ショコラ日和

海外文通を通して、世界の友達と井戸端会議しています。

萎縮と占い

裁判員生活を4日したとき、世間話の大変さに気づいた。
裁判員は番号で呼び合う。
「1番さん」
「補充2番さん」
「4番さん」と。
誰がどの都市から来ているかも知らなければ、
もちろん家族構成も仕事も知らない。
プライベートは明かさない、とする。

それでも言葉の端々にはでてきて、
「うちの息子はまだ結婚しない」と聞けば
そうか、そんな年齢の大きな息子さんがいるのか、と知ったり、
「奥さんが結婚指輪をつけないと嫌がる」なんていう話から
既婚だと知ったりする。
「前の職場では…」と話す内容から前の仕事内容がわかったり。
それでも、みなさん、プライバシーをできる限り明かさないように、
と気を付けていることを感じる。

知らない人との会話の糸口は”共通点”を見つけることだと思う。
「うちは娘が一人いて…」と話すと、「あら、うちも娘が一人いるの~」とか
「中学生の息子がいて…」からこどもの話になったり、
どこどこのランチがおいしいという話とか
ケーキ屋とかカフェとか…(食べ物の情報交換の多さよ!)
それなのに、裁判員の方々とはその話はできない。
裁判所までどのくらいかかるか?ですら、みんな言葉を濁す。
私がいつも1番2番の早さで着くので
同じく1番を争う裁判員さんと「遠いんですか?」という話になった。
「高速道路で2時間」と聞いて、あぁ~、あのへんか…と
やっぱりわかってしまう。
聞いてしまってよかったのかしら?と思ってしまったりする。
世間話ですら、こんなにも気を遣うので、
ランチタイムは沈黙。

裁判員のお昼休憩、外に出るには暗証番号がかかったドアを
通過する必要があるので、裁判官と一緒に、もしくは係員さんを内線で呼び出す。
そんな面倒くさいことを毎回させにくいので、
みなさん、基本、ひきこもり。
そうなると見知らぬ人たちで世間話もできない沈黙のお昼休憩が
ある意味、地獄。

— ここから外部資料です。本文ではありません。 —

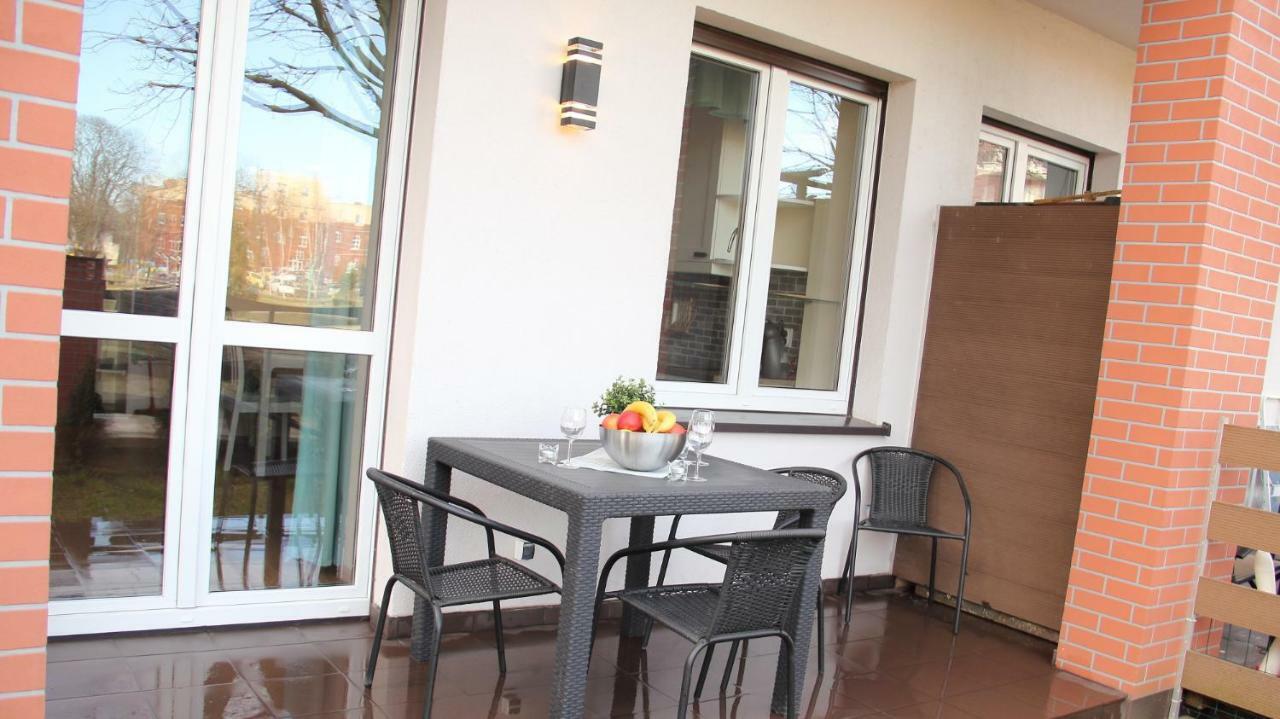 Lux Garden Apartment Kolberg Exterior foto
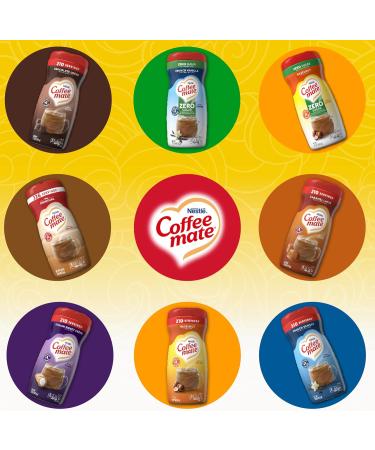 Nestle Coffee-Mate Noisette Sugar-Free (289 g) - Buy Online on GoSupps.com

(その結果、本5冊を裁判員期間中に読めた)

「先日、駅で手相占いをしてもらったんです。」という話をお昼休憩にした。
女性3人、すごい食いついて「どうでした???」と聞いてくれた。
「ご主人に尽くすタイプだわ~」とか
「我が道を行くタイプね。時代より先を行く人ね。」
「食うには困らないけれど、金持ちにはならない手相」
と、散々だった。
そんな手相占いの話から占いの話で盛り上がった。
お昼休みが終わって気づいた。
私、プライバシーは一切言わなかった!と。
プライバシーを語りたくないとき、
天気の話に飽きてきたら、占いの話、おすすめ!

数日後、裁判長に居住の市を裁判員同士で聞くことは大丈夫なのかと
確認したら、「大丈夫です」と言われて、
みんなで市を言い合う。
市を知っただけで、すごい仲良し気分になった。